Nos últimos dez anos viajou por quase todos os países da Europa, sendo que arranja sempre tempo para passar uns dias na sua Madeira. As raízes madeirenses não estão esquecidas, o que é possível verificar pela ementa e decoração do restaurante, que tem como pratos principais a espetada e o bacalhau. Oferece também pratos de outros países e algumas especialidades de Aruba. Uma vez que o negócio está a correr bem, este ano pretende expandir a área do restaurante, tendo em vista aumentar a oferta de pratos portugueses. Para o efeito, vai alargar a cozinha para a confecção exclusiva de pratos de bacalhau, uma das iguarias mais procuradas pelos clientes. Estes são, na sua maioria, residentes locais de elevada classe social, com grande poder de compra. Entre eles, encontram-se gestores e proprietários de empresas, e altos quadros do Governo. O espaço também é muito procurado por turistas, dos muitos que diariamente chegam a Aruba de avião ou barco de cruzeiro. O “Gostoso” não é barato, mas nem por isso tem mesas vazias à hora das refeições.

José do Nascimento não se queixa do negócio e agradece ao irmão por o «ter tirado do vício da droga e indicado o bom caminho».

A par de todo o apoio familiar, contou também com a sua fé em Deus e em Nossa Senhora de Fátima para que se mantivesse empenhado no trabalho nos meses e anos que se seguiram.
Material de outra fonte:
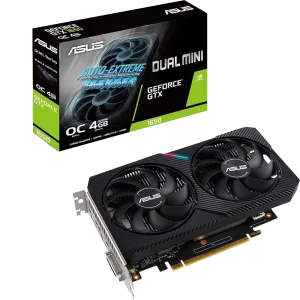 gtx-1650 dual oc 4gb gddr6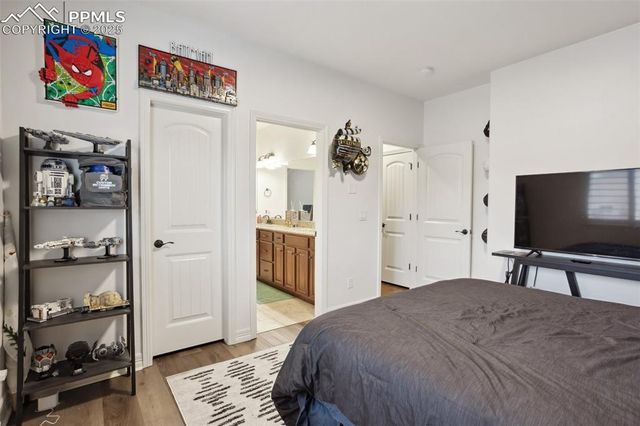 1449 Yellow Tail Drive, Colorado Springs, CO 80921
Família, fé e trabalho: três vértices da sua recuperação, que José considera terem sido essenciais e sem os quais nunca teria chegado onde chegou.

A FUNDAÇÃO SOCIAL E CULTURAL

No dia seguinte à nossa conversa com José do Nascimento tivemos o prazer de conhecer Nélio Gomes da Silva, presidente da Fundação Social e Cultural (FSC), a associação portuguesa de Aruba. Este dinâmico jovem português lidera uma colectividade direccionada aos pouco mais de quinhentos portugueses que vivem na ilha. Existe oficialmente desde 1972, ano em que os seus estatutos foram aprovados e publicados. No entanto, conforme nos explicou o actual presidente, a sua actividade remonta aos anos sessenta. Actualmente, apenas um dos sócios fundadores reside na ilha. Os restantes já faleceram ou vivem noutros locais.
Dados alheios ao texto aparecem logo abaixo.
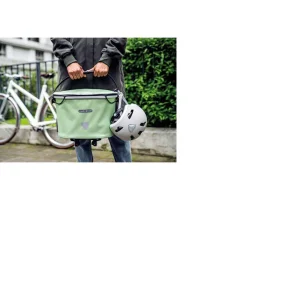 Cesta Trasera Ortlieb UP-TOWN RACK CITY 17,5L Mustard
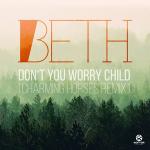 poster Don't You Worry Child (Charming Horses Remix Edit) Don't You Worry Child (Charming Horses Remix)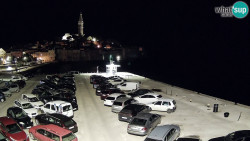 Staré město, kostel sv. Eufemie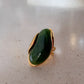 Anillo Ajustable "Ellen Green"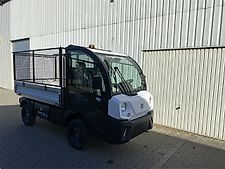 Goupil G4 15,4 KW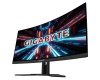 27 inča GS27QCA Gaming Monitor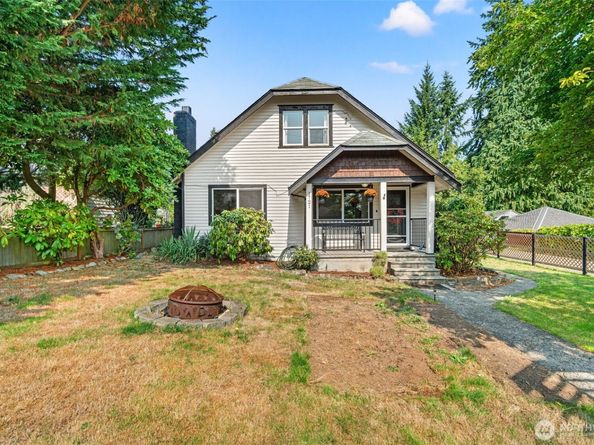 1721 63rd Street SE, Everett WA 98203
Nos anos setenta a sede ficava num barracão, onde a comunidade lusa reunia aos fins-de-semana para dançar, cantar e organizar “comezainas”. À época já assinalavam as datas mais emblemáticas, como Dia de Portugal, de Camões e das Comunidades Portuguesas, e o Dia da Madeira, para além de outras de cariz religioso, como o Natal, o 13 de Maio ou o 13 de Outubro.

Nélio Gomes da Silva fez questão de contar a história da primeira celebração do Dia de Portugal em Aruba, festejado com danças e cantares. Desde então, os portugueses juntam-se para provar os tradicionais petiscos portugueses e falar e ouvir sobre a nossa História.

No primeiro ano da iniciativa marcou presença o Grupo Folclórico Primavera, um rancho tipicamente português formado por pessoas de três etnias. Nélio Gomes da Silva, ele próprio acordeonista, disse que «foi uma das últimas iniciativas» da sua presidência. Dado que havia falta de tocadores de acordeão, convidaram uma instrutora portuguesa da Venezuela para ensinar dez jovens de Aruba a tocar as modas portuguesas.

Antes de terminar a conversa, o presidente da Fundação não deixou de referir que «os aspectos religiosos nunca ficam de parte». Na sede da FSC há uma capela dedicada a Nossa Senhora de Fátima, cuja imagem tem cerca de setenta anos. Todos os 13 de Maio é venerada pela comunidade.